Gli oligopoli esistono anche nelle periferie: alcuni sono pubblici altri privati. Come ben sappiamo, in Cina, al potere c’è – per l’appunto – uno Stato-Partito che tutto è tranne che socialista (almeno a mio avviso), mentre in Russia il capitalismo corporativo di Putin ha restituito alla Stato quel ruolo che era andato perso dopo il crollo dell’Unione Sovietica e il governo (dittatoriale) del ‘’soldato americano’’ Elcin. Nonostante ciò, il ruolo dello Stato nelle periferie è molto diverso rispetto alla metropoli; se nella metropoli le oligarchie, come su ho ricordato, dettano legge, nelle periferie queste non godono di molti consensi (anche le borghesie nazionali – di cui non bisogna per nulla fidarsi – le guardano con diffidenza) e potrebbero subire durissimi colpi se si formassero (come già è avvenuto in Paesi come il Venezuela, la Bolivia, l’Ecuador o il Nepal) blocchi egemonici nazional-popolari.
I Paesi del Terzo Mondo sono chiamati ad una dura prova contro l’imperialismo occidentale e i loro fantocci (borghesie compradore, oligarchie anti-nazionali, ecc…); la loro vittoria potrebbe aprire un lungo processo di democraticizzazione anche nel Nord del mondo, cosa che un anticapitalista non può che auspicarsi.

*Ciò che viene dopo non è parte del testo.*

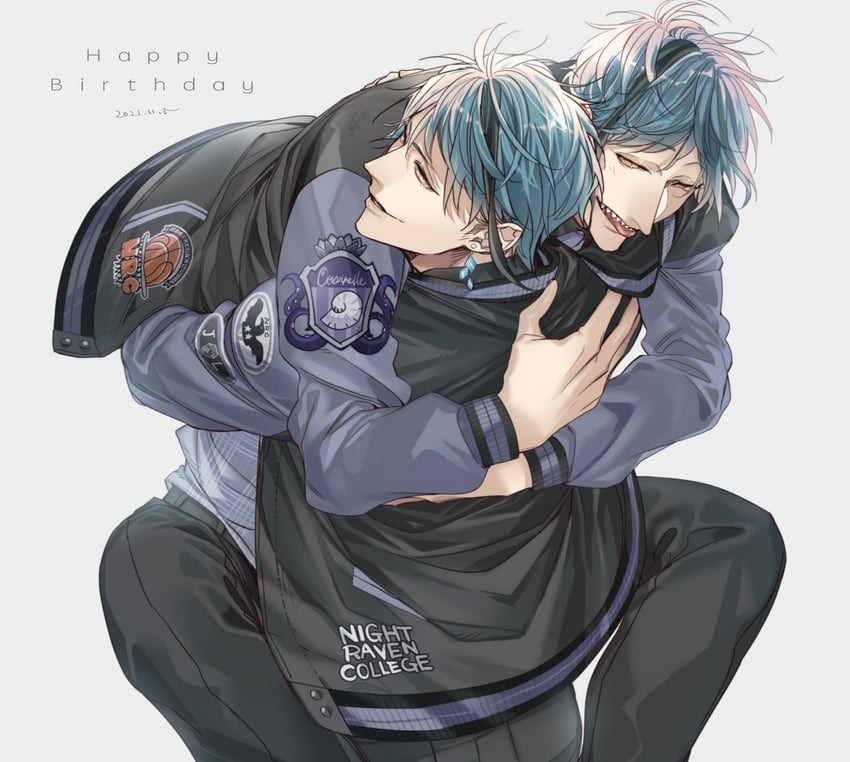 floyd leech and jade leech (twisted wonderland) drawn by sakazukisyuran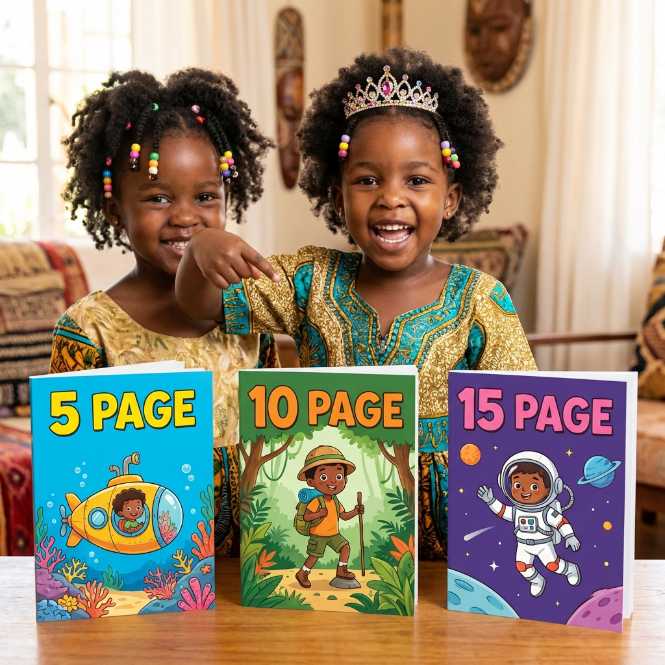 Pixar-style child looking at books of different sizes
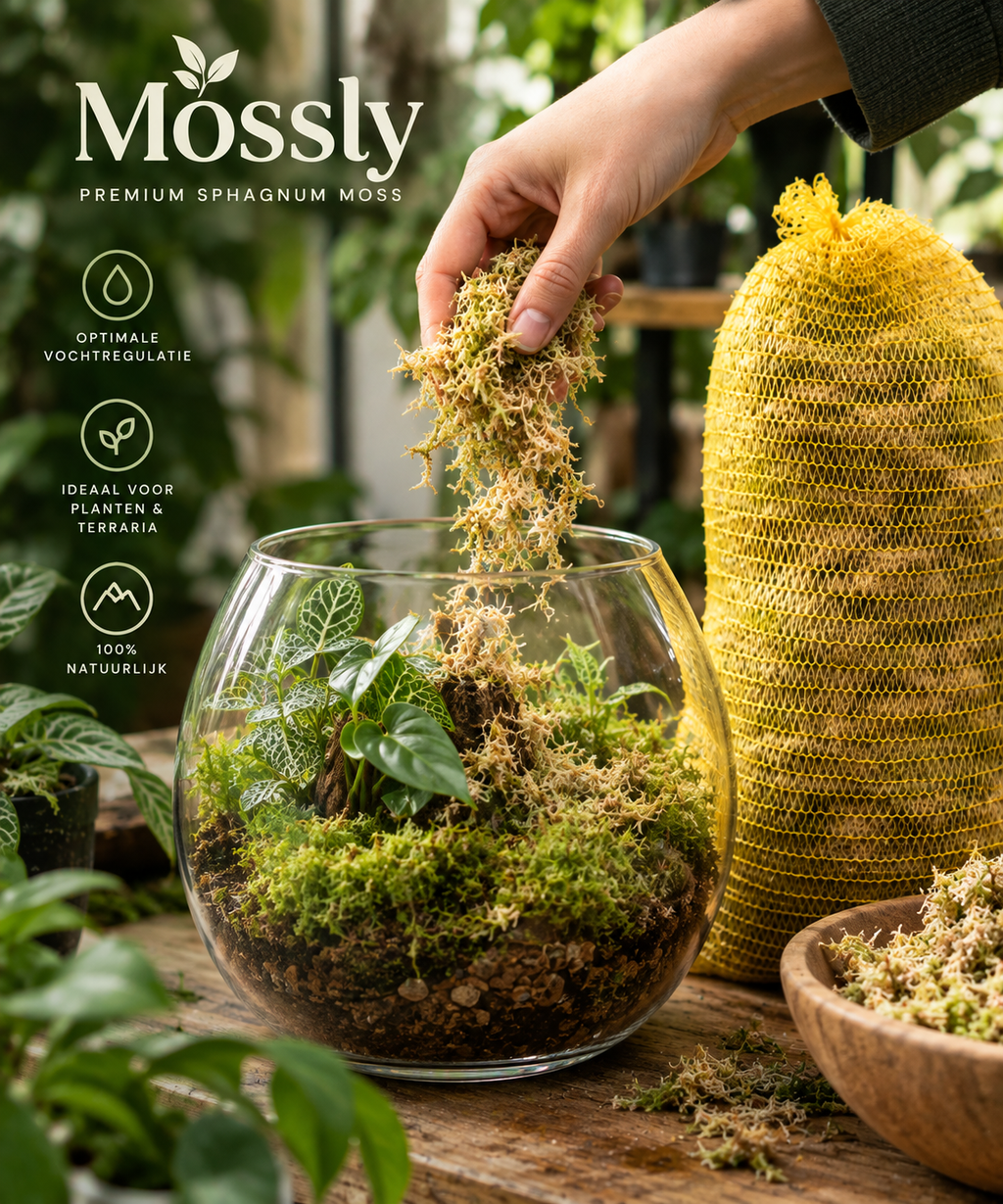 Premium Sphagnum Mos in Netzak – Veenmos voor Planten & Terrarium | Mossly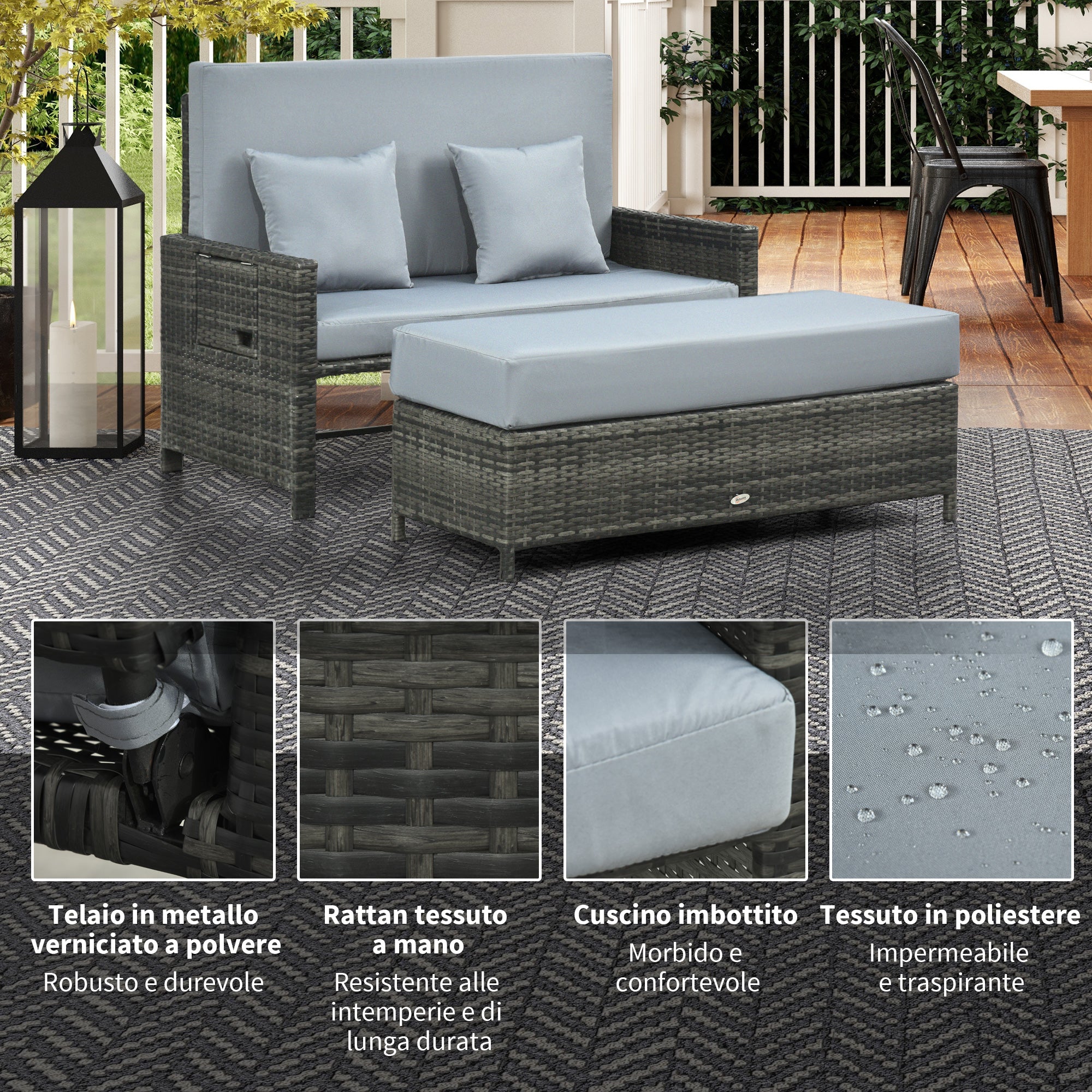Outsunny Gartensofa mit Liegefunktion, ausfahrbare Fußbank mit Stauraum, Sitzkissen, grau, 130 x 72 x 96 cm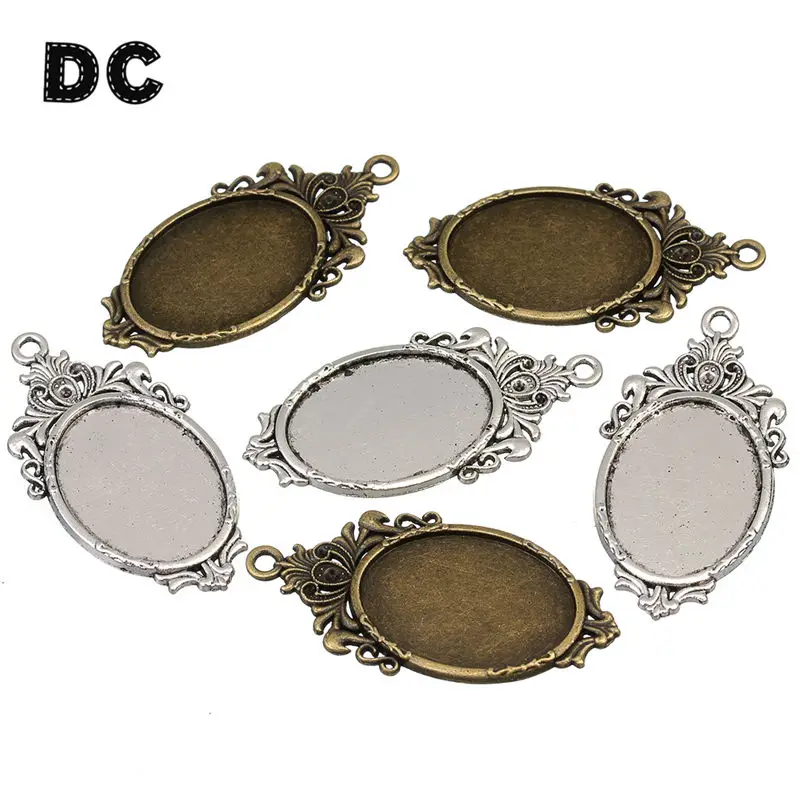 

10pcs Antique Bronze Flower Pendant Settings Blank Base Bezel Trays Fit 18*25mm Glass Cabochon Cameo DIY Necklace Findings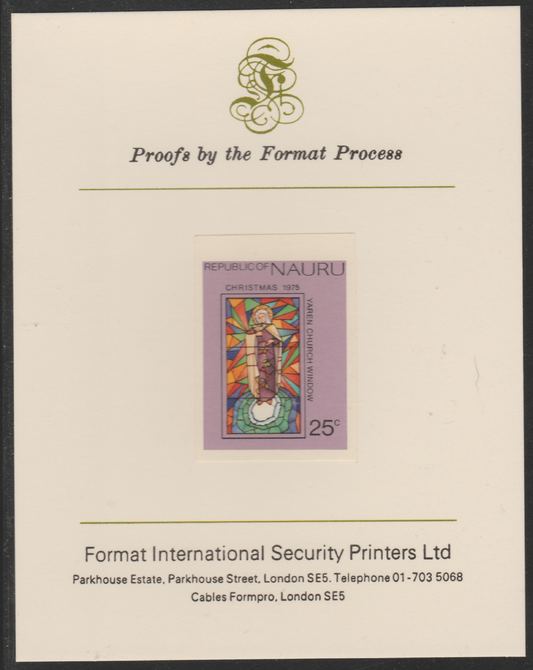 Nauru 1975 Christmas - Stained Glass Window,25c imperf mounted on Format International Proof Card, as SG142, stamps on christmas, stamps on stained glass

6. Fino ad ora mi solo limitato a chiarire la matrice ideologica dell'imperialismo Usa e ad individuare nei popoli del Terzo Mondo un potenziale soggetto rivoluzionario. Tutto ciò implica la rottura del binomio liberismo/democrazia e, al contrario di quello che dice la vulgata dominante, mette la democrazia in relazione con il socialismo.
Chiarire il rapporto che c'è fra la migliore ideologia democratica e il socialismo non è certo facile.
Io inizierei con il fissare due (e solo due!) punti di indagine con cui, però, un marxista non può non confrontarsi: (1) delineerò le distinzioni fra il marxismo dei Paesi coloniali e il marxismo dei Paesi capitalistici; (2) spiegherò perchè, in questa fase, è possibile tracciare un filo rosso (ed è da lì che dobbiamo ripartire) fra nazione e socialismo.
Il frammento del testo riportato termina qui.